UK training and our island culture instil a moral certainty, and working in India will reveal that to you. Uncomfortably.
For years I worked in the NHS, where there’s a structure and a process for EVERYTHING. That structure makes me feel safe – I could always find a PCT website with a downloadable policy for anything.
We grumble about the NHS, but forget how reassuring it is to have a familiar set of ‘rules’. In India, when I can’t find the ‘rules’, my automatic reaction is: “Oh god, there’s no system, it’s chaos…” It’s not true, of course. There is a system. A different one. It just takes me a few minutes to remember that, and stop ‘splitting’.
If you try to handle your uncertainty by transplanting ideas from the NHS, they may be rejected, because they won’t fit. What India needs is home-grown, sustainable public health. They can write their own guidelines if they need them. Nearly everyone I work with here is better qualified than I am. India doesn’t need ‘experts’ from the UK. The most valuable contributions you might make are the same ones that someone from India might make to a UK public health department – personal qualities, different experience and new approaches to team working.
In India, it will take you months to learn how the public health system operates.
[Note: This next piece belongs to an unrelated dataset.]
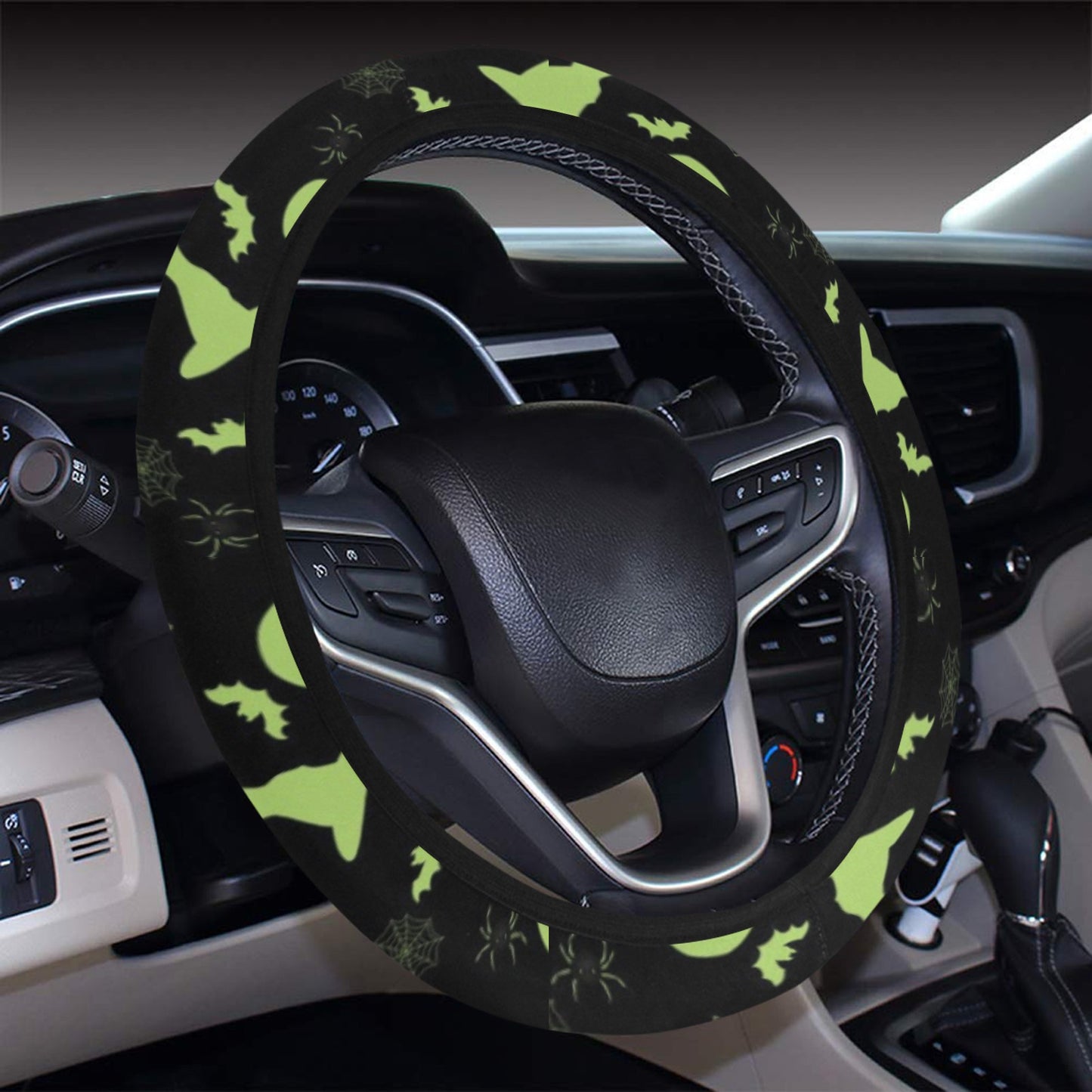 Witch Halloween Print Design LKS306 Steering Wheel Cover with Elastic Edge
You will be tempted to see it as slow and bureaucratic. No. It’s just complex (like the NHS is complex) and embedded in a social system very different to that in the UK. I am often struck by how ordered and ‘Germanic’ the UK, and especially the NHS, now seems. India’s much more like Southern Italy in this respect (but sadly without the espresso and the red wine).
I suppose the moral of my little diatribe is that working in public health in India requires tolerance. Can you tolerate uncertainty? Can you tolerate feeling vulnerable and inept? Can you tolerate dirt and dust, and spending time alone? If not, Indian public health is not for you.